If they would have had a bigger teacher come in and grab her to take her out of there and hold her, and then the girl ends up with bruises, the girl's mother probably would have still sued them and said why did you have to do that to a little girl ... so, the school was in a no win situation.
E-mail No. 11
The idea that three police officers actually handcuffed a 5-year-old child is upsetting and appalling. It was obvious that the child was lashing out for some reason; however, by the time the officers approached, it is quite visible that the 5 year old was sitting calmly in a chair. What in the world possessed these adults to have her stand up to handcuff her? She was not a criminal — she was a child under some sort of stress. Why didn’t one of the officers or school officials try to sit down with her while she was calmed down and just talk to her — about anything that might keep her calm until her mother arrived? Even if one of the adults (and I use that lightly) had just stood nearby without saying anything — she appeared to have calmed down. Why upset her again? And in such a horrible way! I can’t see how this will not have a lasting effect on her.
The officers were wrong in what they did and the school officials should not have allowed it to happen!
E-mail No. 12
Unbelievable! I am shocked by the story you aired tonight about a 5 year old being handcuffed for getting out of line at school! I know kids can get out of control but this is a 5 year old, surely a group of adults could come up with a better way to diffuse that situation than putting handcuffs on what had to be an already very upset, confused and scared child! I watched the footage and you can clearly see that the poor little girl is upset, and there has got to be something going on in her young life that leads her to act out this way. Perhaps some compassion when this situation was escalating would have done much more to calm her than battling her and slapping handcuffs on her like some common criminal. It makes me sad to think of what was going through her young mind. I know neither educators nor law enforcement officials have an easy career and I give them all the respect in the world (I formerly was a teacher myself), but several adults to handle a 5 year old and the use of handcuffs? It seems very extreme!
E-mail No. 13
Ha-ha-ha! Greta, you make me laugh. When you just said, "Well that's one way to win my argument" because the satellite feed was lost! Ha-ha. Great recovery and what quick wit!
E-mail No. 14
The Democrats must be in control of the satellite ... that it was shut down during the interview with Senator Orrin Hatch.

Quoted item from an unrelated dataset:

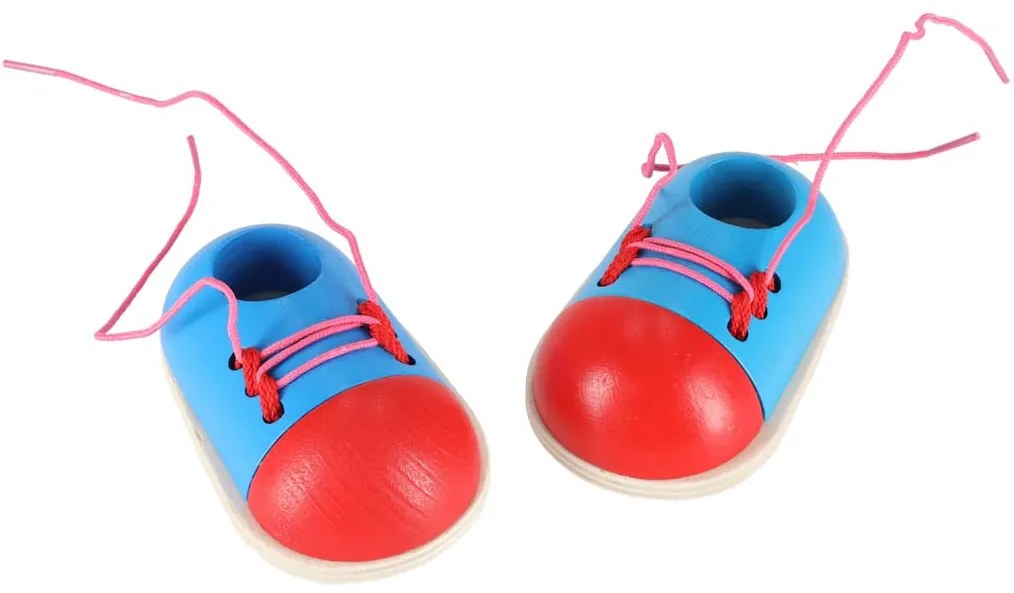KIK Drevená vzdelávacia sada na učenie zaväzovania šnúrok pre deti (2 topánky)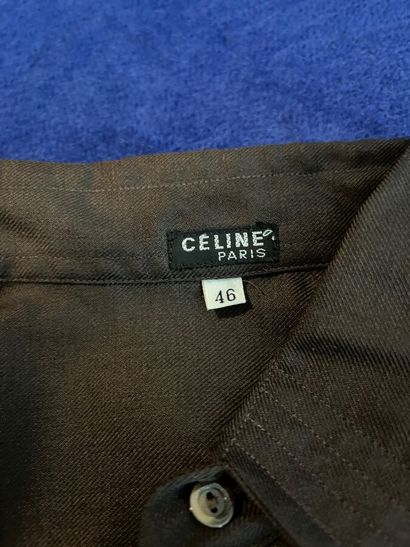 CELINE Paris - Blouse en laine marron - Années...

E-mail No. 15 — this next e-mail is about the couple in Philadelphia who left a bar about 11:30 p.m. on Feb. 19:
I truly believe that these two people were carjacked somewhere … and most probably the car was stolen and chopped up for parts. There are a lot of bad neighborhoods not too far from this area! As the area is quite mixed sort of like the village a bit ... otherwise the car would have been found by now. If that car was a desirable auto, it could have been disposed of quickly!
God knows what could have happened to them.